▸ EXERCISE AIM
Please return the records below exactly as they appear, leaving every picture out.

▸ EXCERPTED RECORDS
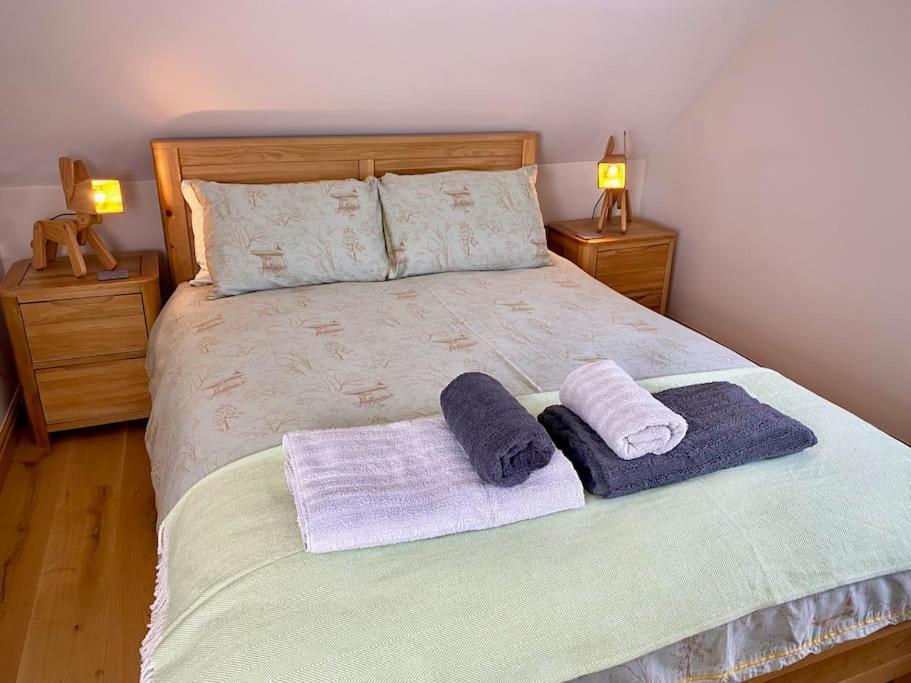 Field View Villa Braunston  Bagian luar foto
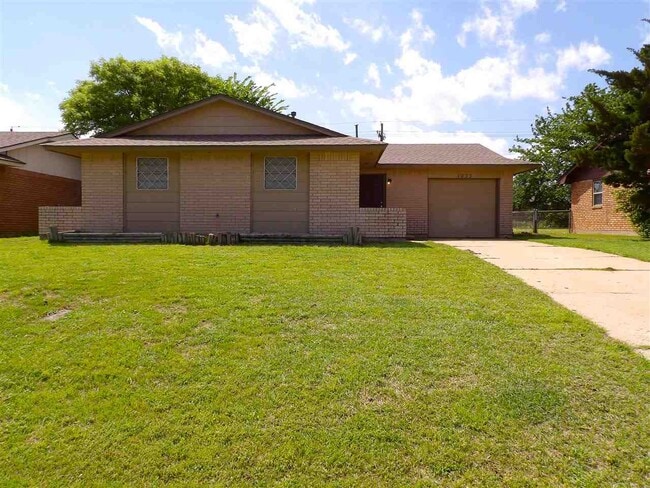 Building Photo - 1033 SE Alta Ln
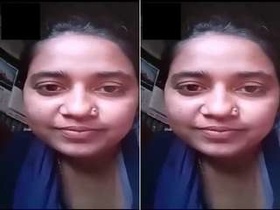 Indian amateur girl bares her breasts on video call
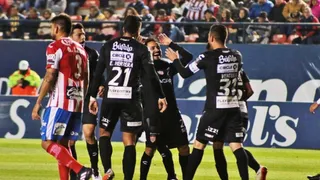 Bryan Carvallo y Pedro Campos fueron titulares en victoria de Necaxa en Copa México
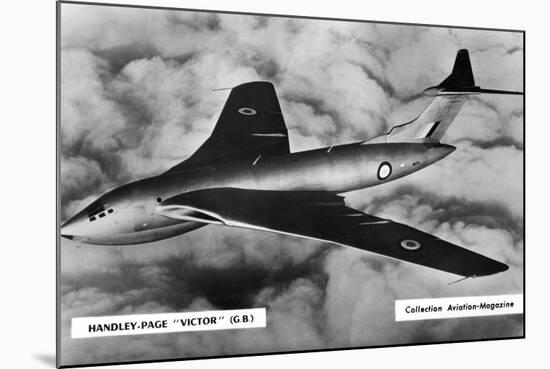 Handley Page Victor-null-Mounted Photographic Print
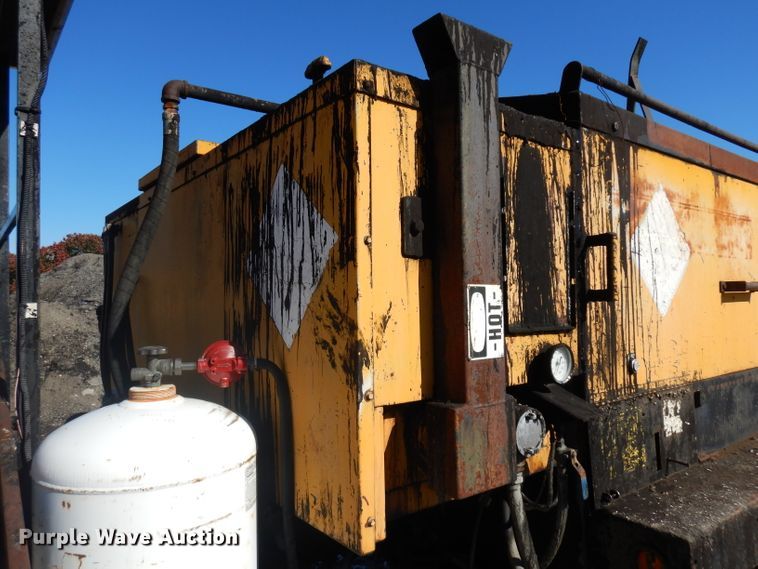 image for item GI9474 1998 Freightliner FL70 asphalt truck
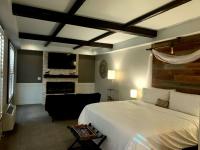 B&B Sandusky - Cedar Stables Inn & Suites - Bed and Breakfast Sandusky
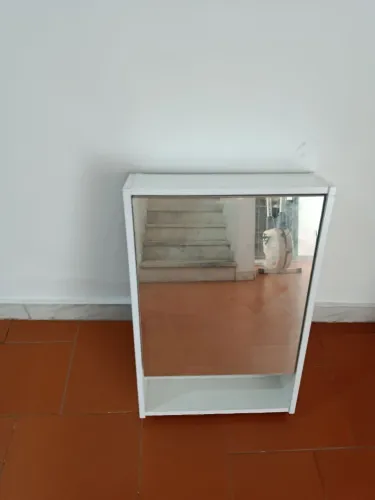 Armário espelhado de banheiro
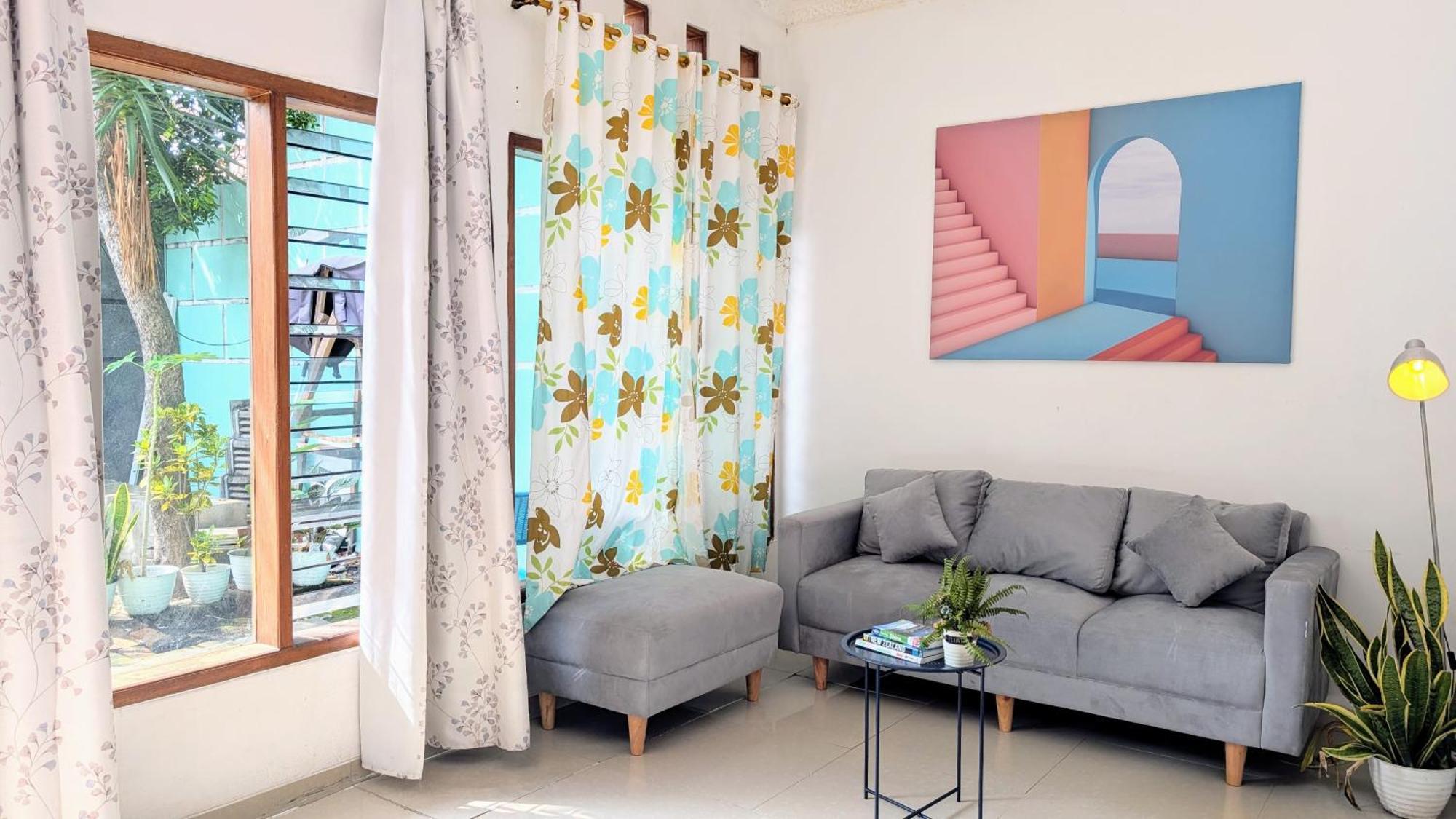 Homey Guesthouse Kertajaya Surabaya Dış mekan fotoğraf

▸ RESULT OF THIS TASK
 Field View Villa Braunston  Bagian luar foto
 Building Photo - 1033 SE Alta Ln
 Indian amateur girl bares her breasts on video call
 Bryan Carvallo y Pedro Campos fueron titulares en victoria de Necaxa en Copa México
 Handley Page Victor-null-Mounted Photographic Print
 image for item GI9474 1998 Freightliner FL70 asphalt truck
 B&B Sandusky - Cedar Stables Inn & Suites - Bed and Breakfast Sandusky
 Armário espelhado de banheiro
 Homey Guesthouse Kertajaya Surabaya Dış mekan fotoğraf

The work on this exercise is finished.